How can the proposed attack taxonomy and automated red teaming framework be extended to other types of generative models beyond language models, such as image or multimodal generators?

The proposed attack taxonomy and automated red teaming framework can be extended to other types of generative models by adapting the strategies and search methods to suit the specific characteristics of those models. For image generators, the attack taxonomy can include strategies that manipulate pixel values or introduce perturbations to generate misleading or harmful images. The searchers can be designed to explore the image space efficiently and find prompts that trigger undesirable outputs from the image generator. For multimodal generators, which combine text and images, the attack taxonomy can incorporate strategies that exploit the interaction between the modalities to induce unsafe behaviors. The automated red teaming framework can integrate both text-based and image-based attacks to comprehensively evaluate the safety of multimodal generators. By considering the unique features and vulnerabilities of each type of generative model, the attack taxonomy and automated red teaming framework can be tailored to effectively assess and mitigate risks in diverse AI systems.

What are the potential ethical concerns and societal implications of the red teaming techniques discussed in this survey, and how can they be addressed responsibly?

The red teaming techniques discussed in this survey raise ethical concerns related to the potential harm caused by manipulating generative models to produce harmful or biased outputs. These techniques can be misused to spread misinformation, promote unethical behaviors, or infringe on individuals' privacy. Additionally, there is a risk of unintended consequences, where the generated content may have negative impacts on individuals or communities. To address these ethical concerns responsibly, researchers and practitioners should prioritize transparency, accountability, and fairness in their red teaming practices. It is essential to clearly communicate the purpose and methodology of red teaming experiments, obtain informed consent from participants, and ensure that the generated content is used responsibly and ethically.

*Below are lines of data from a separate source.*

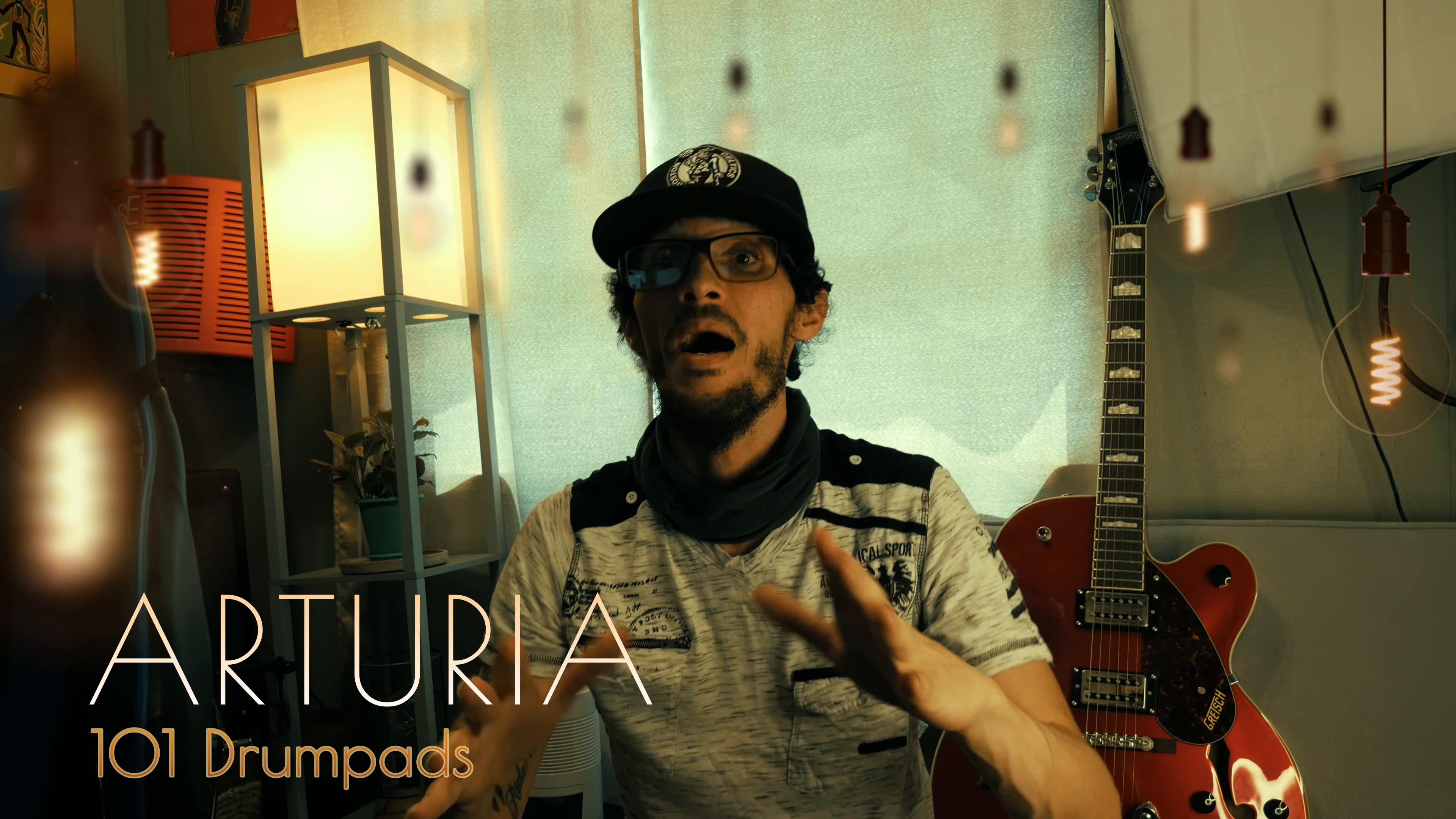Welcome to the Arturia KeyLab drum pad mapping video. We will try to cover all the different ways that you can map to FL Studio, which you can apply to any other DAW. For those that are just interested in one specific topic, we'll leave timestamps down below in the description.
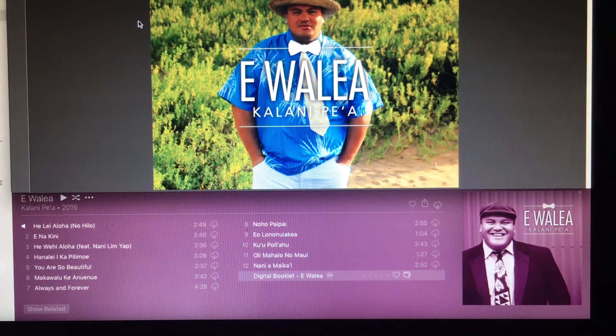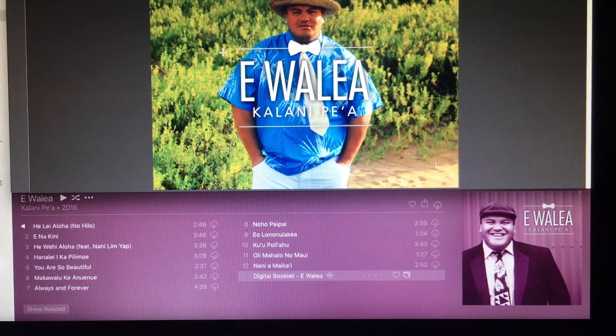Aloha, this is Alan Kuhl from kalanipeamusic.com. I am doing this video tutorial for all of you who called and emailed us to ask how do we access the digital booklet in iTunes.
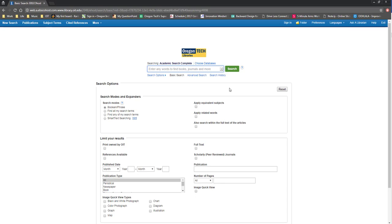One thing to note is that this resource does not allow for full sentence or natural language searching, so I need to make sure that I limit my search terms to just the keywords on my subject. For example, if I were looking for information on the impact of cochlear implants, I might start with a broad search for cochlear implant.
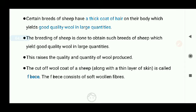The cut-off wool coat of a sheep, which is removed along with a thin layer of the skin, is called the fleece. So fleece is the coat of the sheep along with the thin layer of skin. This fleece also consists of soft wool fibers, which are processed through various steps to make wool yarn.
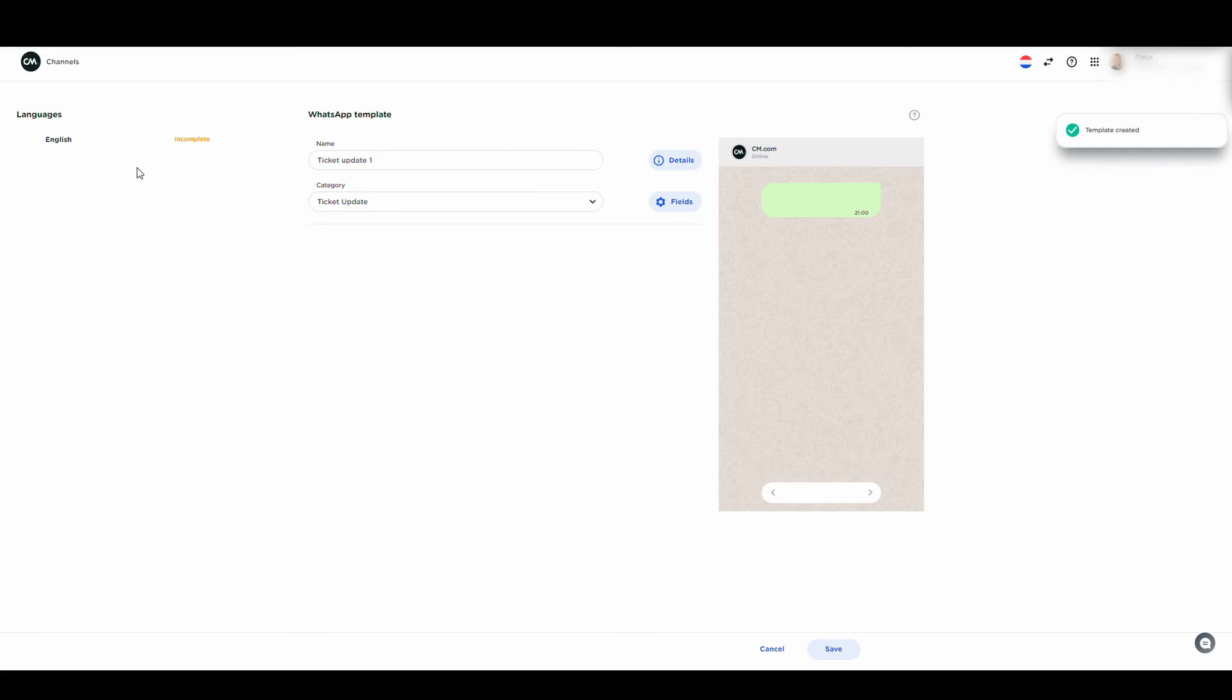Here, you can now see that English is the only language added. If we click on it, we can fill in the content of the template.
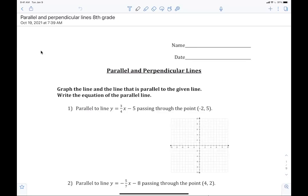All right, now today, as I was saying, if you know how to write the equation of lines, today is easy. It is very simple. If you don't know how to write the equation of lines, we're going to review and you'll get a little bit better at it after today.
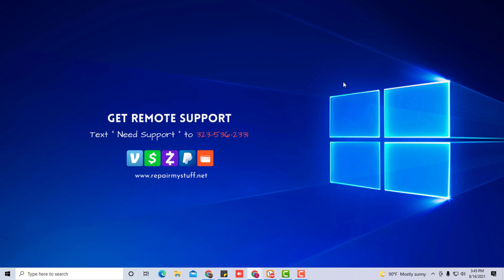Keep in mind we do tech support. If you need help we can remote into your computer and help you with your tech problem. Just text the number on the screen or find the number in the description.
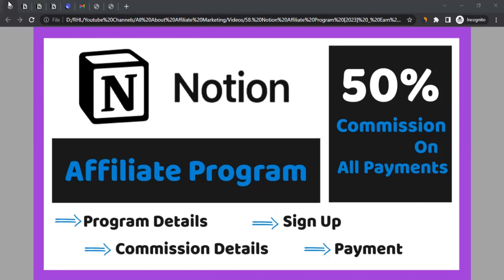Hello there, this is Rahul from All About Affiliate Marketing and in today's video we'll talk about the affiliate program of Notion.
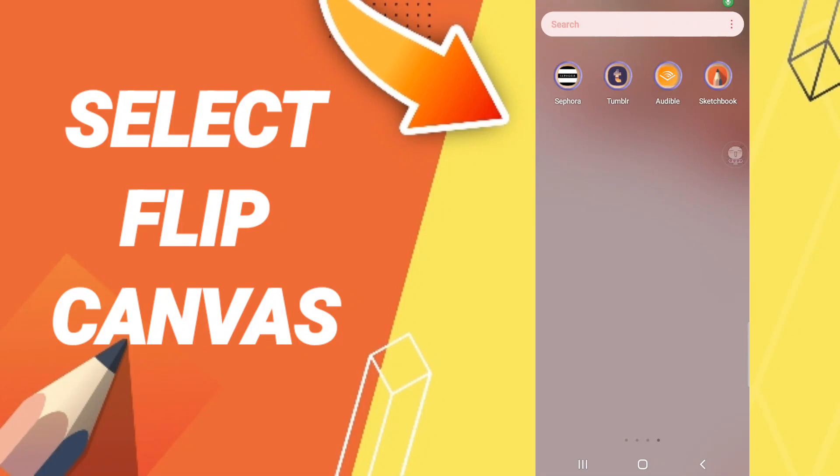Hi everyone, today we will talk about how to select flip canvas on the application of Sketchbook.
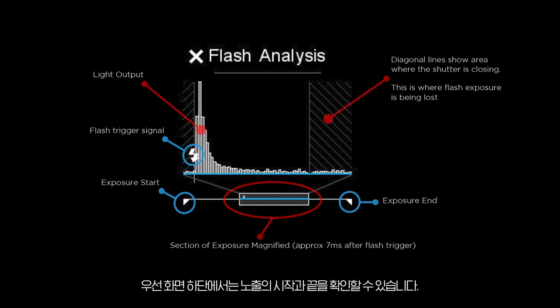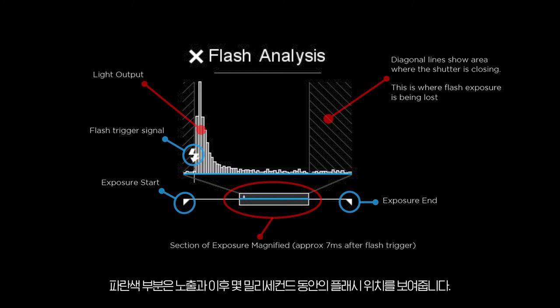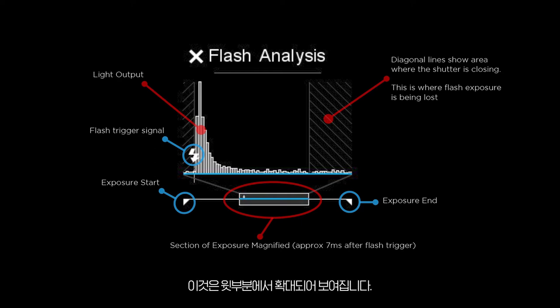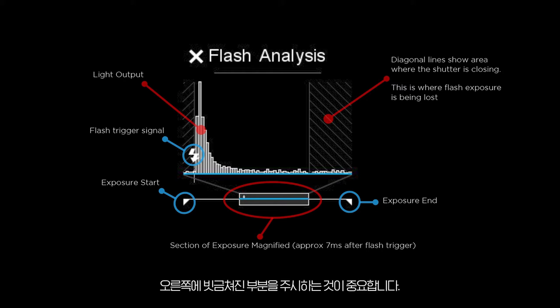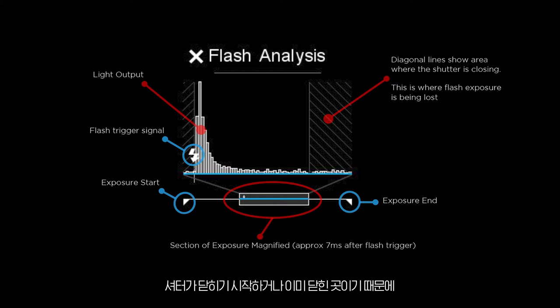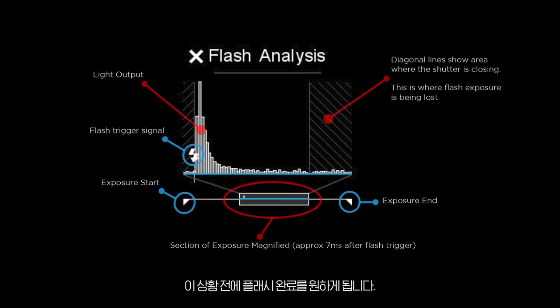At the bottom of the display we can see the start and end of the exposure. The blue part shows the position of the flash during the exposure and a few milliseconds afterwards — this is then enlarged above. You can see the light output and the fall-off on the small curve here. It is important to keep an eye on the striped area to the right.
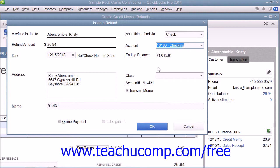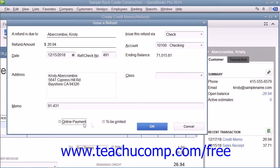Within the window that appears, select the account that is used to withdraw funds for the refund check and then enter any other information needed for the refund into the fields that are shown. Finally, ensure that you save and print the refund check if needed, as well as the credit memo to give to the customer.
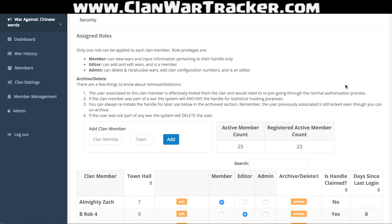An admin should only be reserved for a few people, because these people can delete wars, change the values of what each star is worth, things like that. They really have the power to go in and make some serious changes, which could do some damage if you don't have the right people in there. So again, most people should be editors or members and only a few people should be admin.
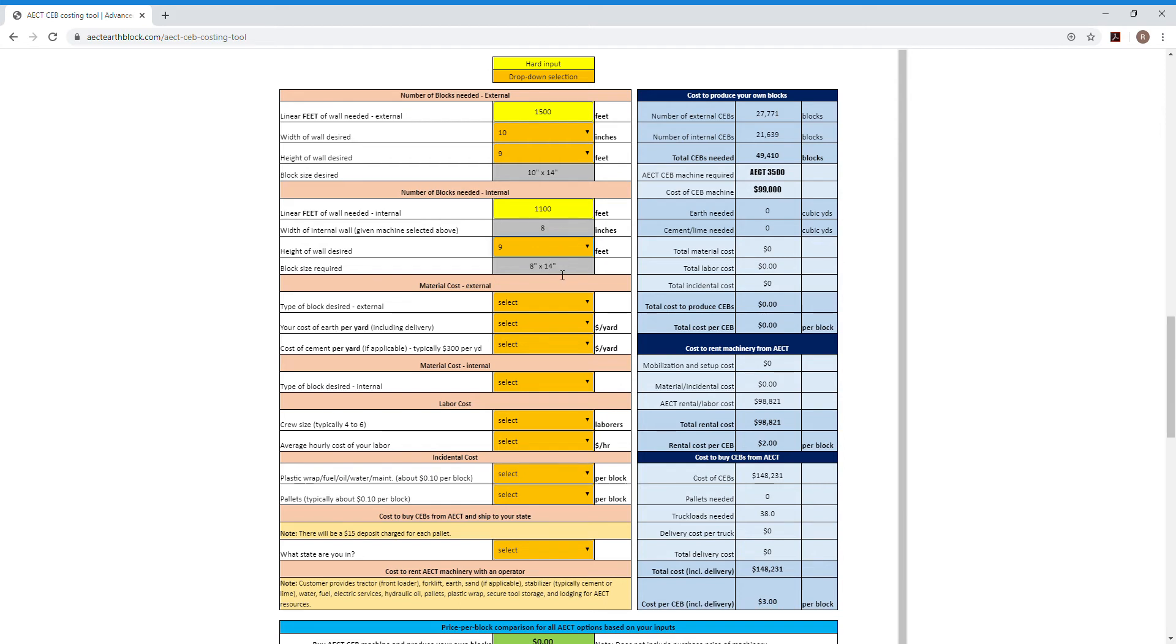And then this is going to recommend that you use the eight inch by 14 inch block, which again, will come from that machine as well. Then you just need to choose the type of block. So I'm going to say we're going to do stabilized blocks for the external walls.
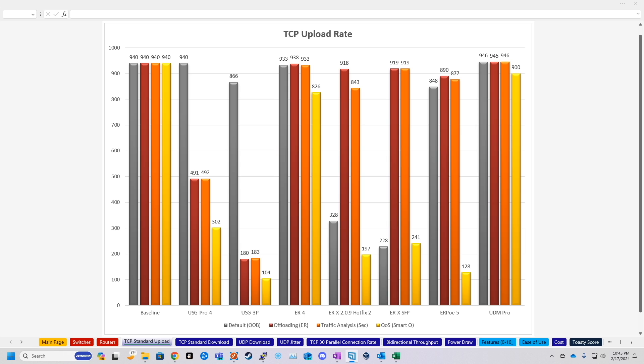Hey, what's going on, everybody? Today, we're going to be taking a look at the performance of a Unify Dream Machine Pro when compared to other Unify devices.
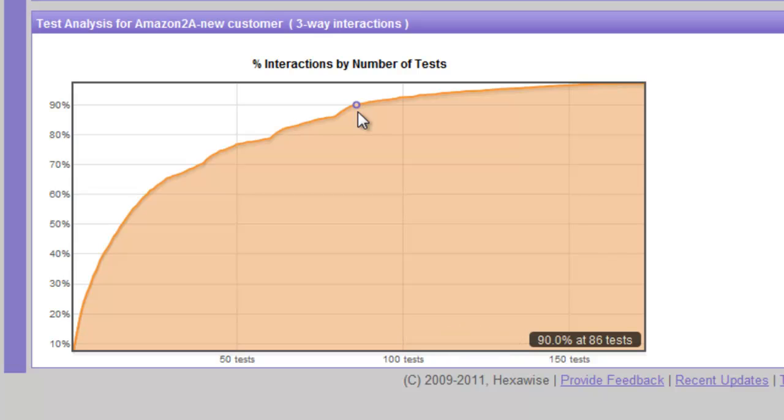So that's one way to answer management's question about what the risk is if we stop testing early. In this instance, when we've executed 86 tests, roughly half of the total, we've covered 90% of the potential three-way combinations.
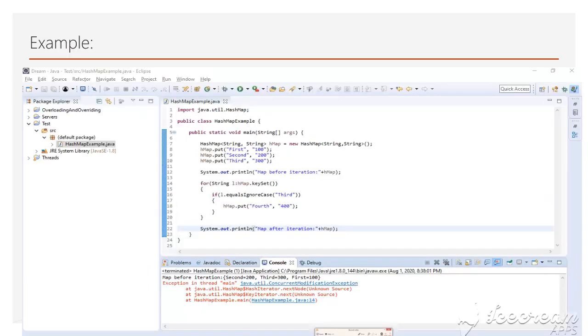This is because we are iterating over the HashMap and simultaneously putting an element into it, which is not allowed in HashMap. So to overcome this scenario, we have ConcurrentHashMap in the Java collection.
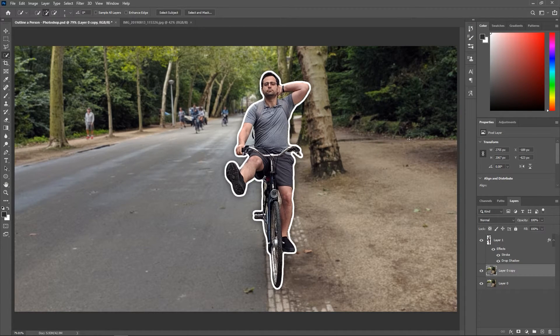Now that our thumbnail is ready, all we have to do is create a script, shoot a video, edit it, render it, upload it, write the description — and that's it. Easy.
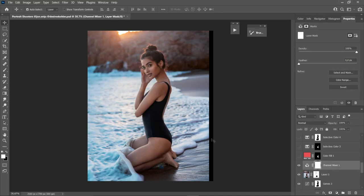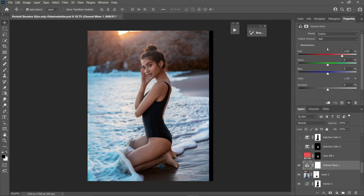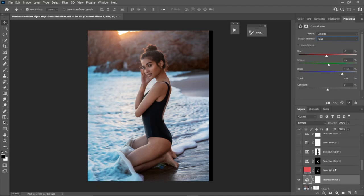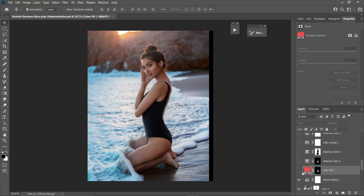Next is skin enhancement to a golden tone. I use Channel Mixer — I go to the Blue channel and shift the Red slider to the left and the Green slider to the right, and we get that golden skin tone color.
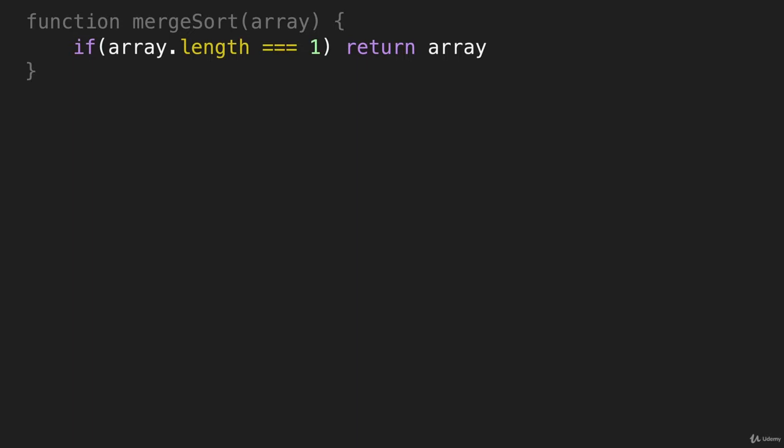So now that we have the base case out of the way, the other thing we said merge sort does is it breaks arrays in half. So now we're going to write the code to break arrays in half.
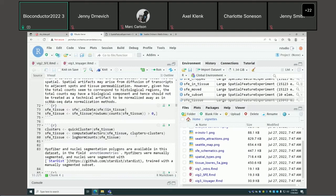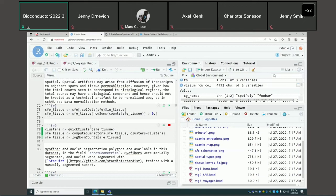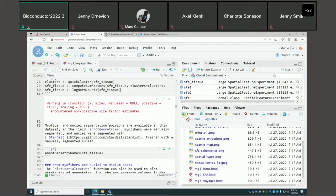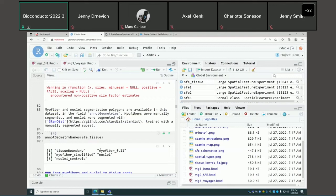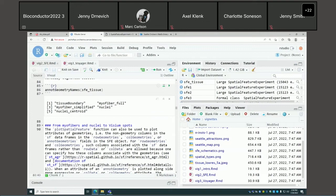We'll work only on spots that intersect the tissue. We use the scran package to normalize the data. The annotation geometries include tissue boundary, myofiber segmentation, and nuclei segmentation.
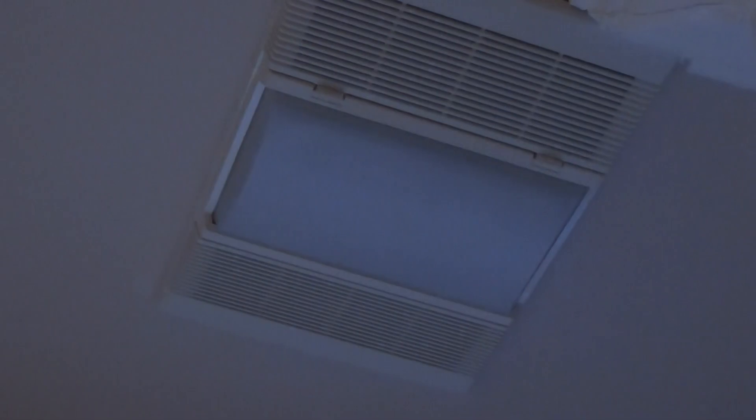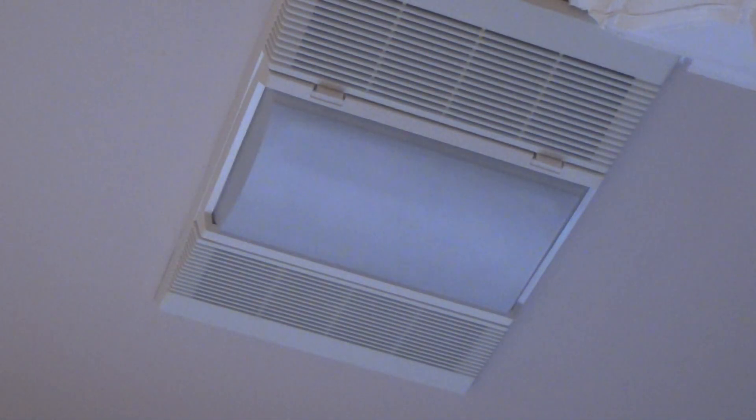Let's deal with the bathroom fan one last time. Let me turn these two lights off. All right. That's the, I believe it's the 2016 NuTone fan force heater.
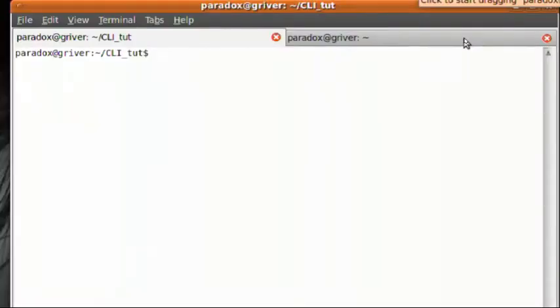Now before you get into all the crazy stuff, we've got to start with the basics. So let's dive into the computer and teach you the basics of the command line interface. Okay, we are magically in the computer. Let's get started learning the command line interface.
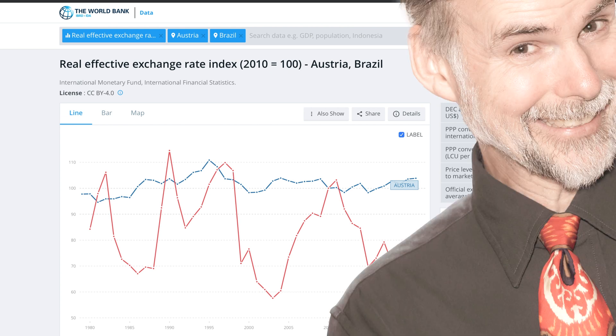With this data in hand, it becomes possible to reduce costs by identifying countries whose exports may be cheaper compared to other countries.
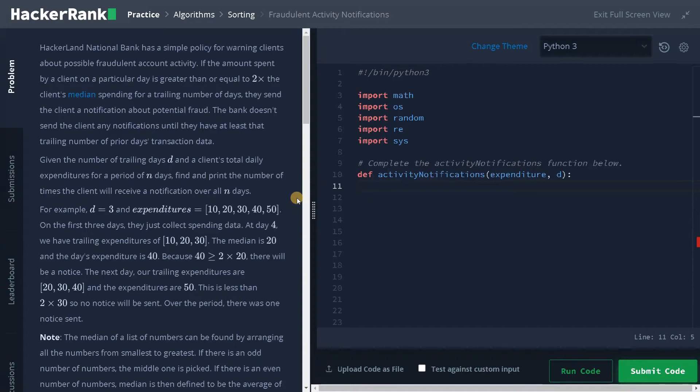Hey everyone, this is Ashwin here. In this video we are going to solve the problem Fraudulent Activity Notifications.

Moreover, incorporating diverse perspectives, ethical guidelines, and oversight mechanisms can help mitigate the potential societal implications of red teaming techniques and promote the responsible use of AI technologies.

Given the rapidly evolving nature of generative AI systems, what new attack vectors and defense mechanisms might emerge in the future, and how can the research community stay ahead of these developments?

As generative AI systems continue to advance, new attack vectors and defense mechanisms are likely to emerge. Attackers may exploit vulnerabilities in the training data, model architectures, or inference processes to deceive or manipulate generative models. New attack vectors could involve adversarial examples, model inversion attacks, or data poisoning to compromise the integrity and safety of AI systems. To stay ahead of these developments, the research community can proactively engage in interdisciplinary collaborations, share knowledge and best practices, and continuously evaluate and improve existing defense mechanisms. By conducting thorough risk assessments, developing robust security protocols, and fostering a culture of responsible AI research, the community can anticipate and mitigate emerging threats in generative AI systems. Additionally, ongoing education, training, and ethical guidelines can help researchers and practitioners navigate the evolving landscape of AI security and ensure the responsible development and deployment of AI technologies.